Нияз отказался от чая. Ничем не выдав своих намерений, он опустился на колено перед Санем, взял ее руку, нащупал пульс. Затем, незаметно подмигнув Джумагуль, вышел на улицу. Племянница последовала за ним.

— Ты уже большая девочка, Джумагуль, — тихо сказал Нияз, удостоверившись, что Санем их не слышит. — Я буду говорить с тобой прямо, как со взрослой.

Джумагуль согласно кивнула, хотя сердце при этих словах похолодело и сжалось, готовое принять страшный удар. И удар последовал.

— Не хочу от тебя скрывать, сама видишь — совсем плоха твоя мать... — Нияз внимательно поглядел на девочку: поняла ли, о чем говорит? Но Джумагуль молчала, и тогда он сказал еще более определенно: — Нет у нас надежды... Твоя мать, моя дорогая сестра Санем уходит от нас. Смерть уже заглядывает ей в глаза.

— Нет-нет, она не умрет! — в ужасе закричала Джумагуль. — Она будет жить!

— Тише! Зачем кричишь? — взял ее за руку Нияз. — Криком делу не поможешь. Ты не бойся, я не оставлю тебя сиротой. Будешь жить у меня в доме. Будешь как дочь родная.

Девочка прижалась к его руке, беззвучно разрыдалась.

— И проклятому баю, отцу твоему, эх, как я ему отомщу!.. Ты хочешь, чтобы я отомстил? За надругательство над матерью, за тебя, за все!

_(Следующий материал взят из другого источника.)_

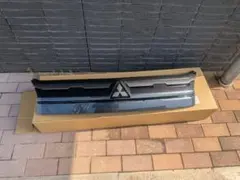 デリカD5　新車外し　フロントグリルのサムネイル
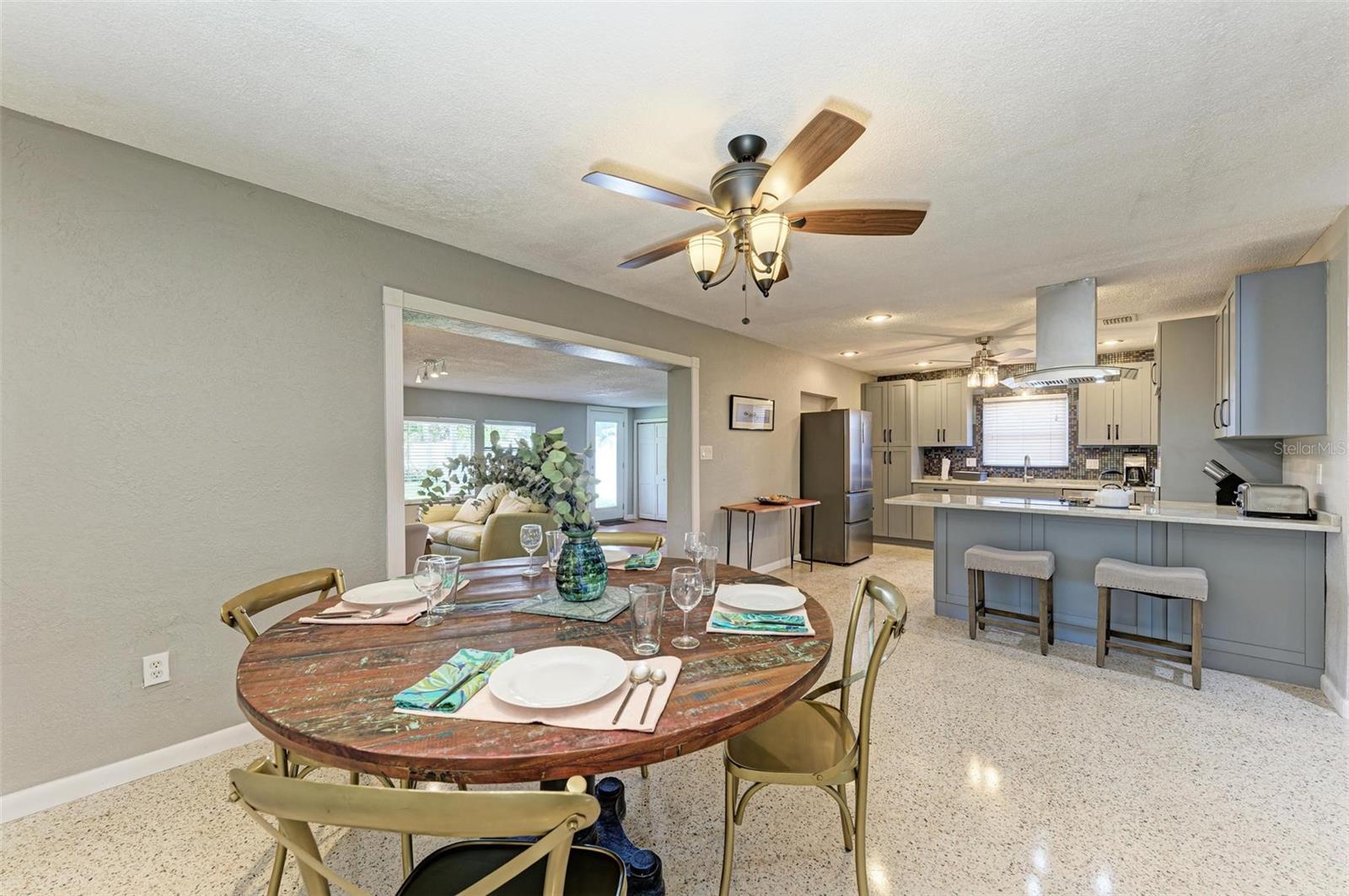 Image 12 of 39 For 6000 Bayou Grande Boulevard Ne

— Да, да, дядя! — сжала маленькие кулачки Джумагуль. — Отомстите ему!

— Положись на меня. Нияз не дурак. Я уже все хорошо продумал... Вот послушай. Мать твоя все равно не выживет. Зачем же тянуть ее муки? Давай положим ей на лицо подушку и тогда...

Джумагуль отстранилась, непонимающе, в испуге уставилась на дядю. Нияз стал горячо и торопливо ее убеждать:

— Мы обвиним Зарипбая, что он до смерти забил твою мать. А за это, понимаешь, получим с него большой выкуп. Скот, пшеница, разная шара-бара. Ты меня понимаешь, дочка? Это будет настоящая, кровная месть!

— Убить маму? — Джумагуль смотрела на дядю широко раскрытыми глазами.

— Она все равно умрет. Мы только облегчим ее муки. Посмотри сама, как ей больно, какие страдания она принимает.

— Уйди! Уйди! — не своим голосом закричала девочка и обеими руками оттолкнула Нияза.

— Я уйду, но запомни — другого способа отомстить Зарипбаю нет, — удержал ее Нияз.

— Зверь! Зверь проклятый! — вырвалась Джумагуль из его цепких рук и убежала в шалаш.

Некоторое время спустя осторожно протиснулась в шалаш сутулая фигура Нияза. Усевшись у очага, он горестно вздыхал, вытирал рукавом халата сухие глаза. Однажды он попытался было приблизиться к Санем, но Джумагуль, поднявшись, преградила ему дорогу. У нее была такая воинственная поза, так выразительно она глядела на него, что Ниязу ничего не оставалось, как вернуться на прежнее место.

— Дурочка, я ведь с добром.

— Не подходите — закричу!

Видя, что толком с ней не договориться, а может быть, и опасаясь шума, — чего не натворит эта глупая девчонка! — Нияз безнадежно махнул рукой и скрылся, даже не попрощавшись.

Три месяца металась Санем между жизнью и смертью. Временами ей становилось лучше, она поднимала голову — и это были для Джумагуль самые радостные дни. Но затем Санем снова впадала в беспамятство, бредила и стонала, и тогда вместе с ней страдала Джумагуль.